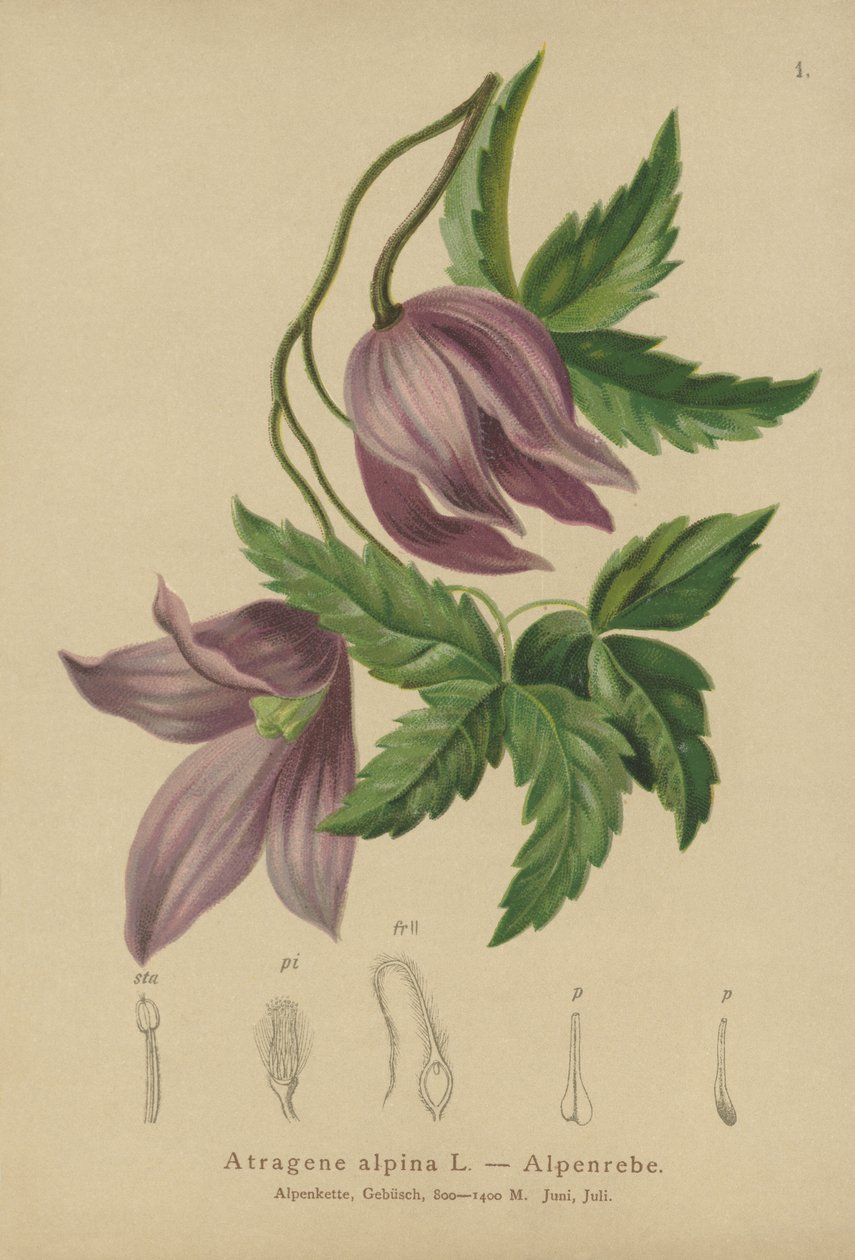 Almindelig klematis (Atragene alpina, Clematis alpina) af German School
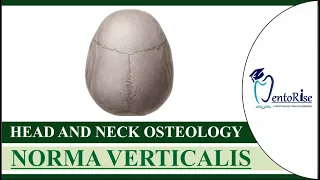 NORMA VERTICALIS | Methods of study of skull |Anatomy of skull|Head and neck osteology|Human anatomy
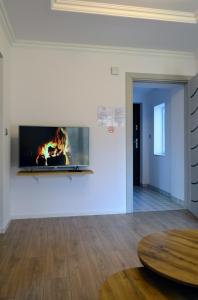 sala de estar con chimenea en la pared en Leśna Muzyka Apartment Limanowa, en Limanowa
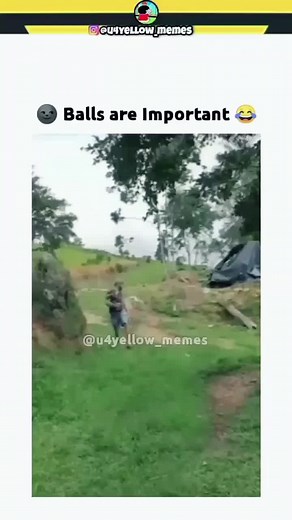 Man Plays with Sheep in Rural Setting
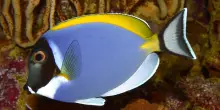 Nuova specie di pesce chirurgo trovata nei mari italiani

PROBLEM TO WORK ON -
Once the pictures are set aside, give the rest of the material again unchanged.

TASK RESPONSE -
 Almindelig klematis (Atragene alpina, Clematis alpina) af German School
 NORMA VERTICALIS | Methods of study of skull |Anatomy of skull|Head and neck osteology|Human anatomy
 sala de estar con chimenea en la pared en Leśna Muzyka Apartment Limanowa, en Limanowa
 Man Plays with Sheep in Rural Setting
 Nuova specie di pesce chirurgo trovata nei mari italiani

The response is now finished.